Both are built for real-time collaboration and both do it well, with live cursors, comments, and voting. FigJam leans into the social feel of a session, and its audio chat, reactions, and the recently added AI features for generating and organizing ideas make group work feel smooth. Miro matches the core collaboration and adds heavier facilitation tools like timers, voting, and presentation modes that suit larger or more formal workshops. For casual team brainstorms FigJam feels lovely, while for structured facilitation at scale Miro has more in the toolbox.

Integrations and ecosystem

FigJam’s killer advantage is Figma. If your designers already work in Figma, FigJam sits right next to that work, shares the same account, and lets you move between ideation and design without friction. That tight integration is a genuine reason to choose it for design-led teams.

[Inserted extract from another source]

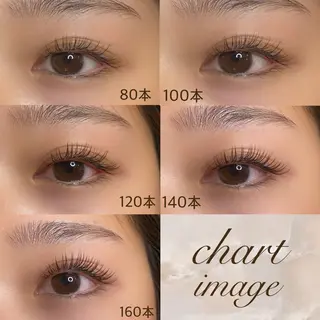 マツエク・マツパ リスブラン MOMOKOのマツエク・マツパデザイン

Miro counters with breadth. It integrates with a long list of tools including Jira, Confluence, Slack, Microsoft Teams, Asana, and many more, which makes it a natural hub for cross-functional teams that span product, engineering, and operations. If your whiteboard needs to plug into a wider project stack, Miro’s integration catalog is hard to beat.

Pricing

Both offer a free plan that is genuinely usable for small teams or occasional sessions, with paid tiers that unlock unlimited boards, more advanced features, and admin controls. FigJam tends to be the more affordable option on its own, and if your organization already pays for Figma, adding FigJam is straightforward. Miro’s pricing reflects its broader feature set and enterprise capabilities, so it can cost more at scale, but you are paying for a more comprehensive platform. Both deliver good value for what they are.

So which should you pick?

Choose Miro if you want the most capable, flexible whiteboard that can handle brainstorming, diagramming, planning, and enterprise workflows, and you value a deep template library and wide integrations. Choose FigJam if your team already uses Figma, or if you want the simplest, most enjoyable whiteboard for brainstorms and workshops with almost no learning curve. For most cross-functional teams that want one tool to grow into, Miro is the safer all-round bet, while design-led teams and those who prize simplicity will be happiest in FigJam.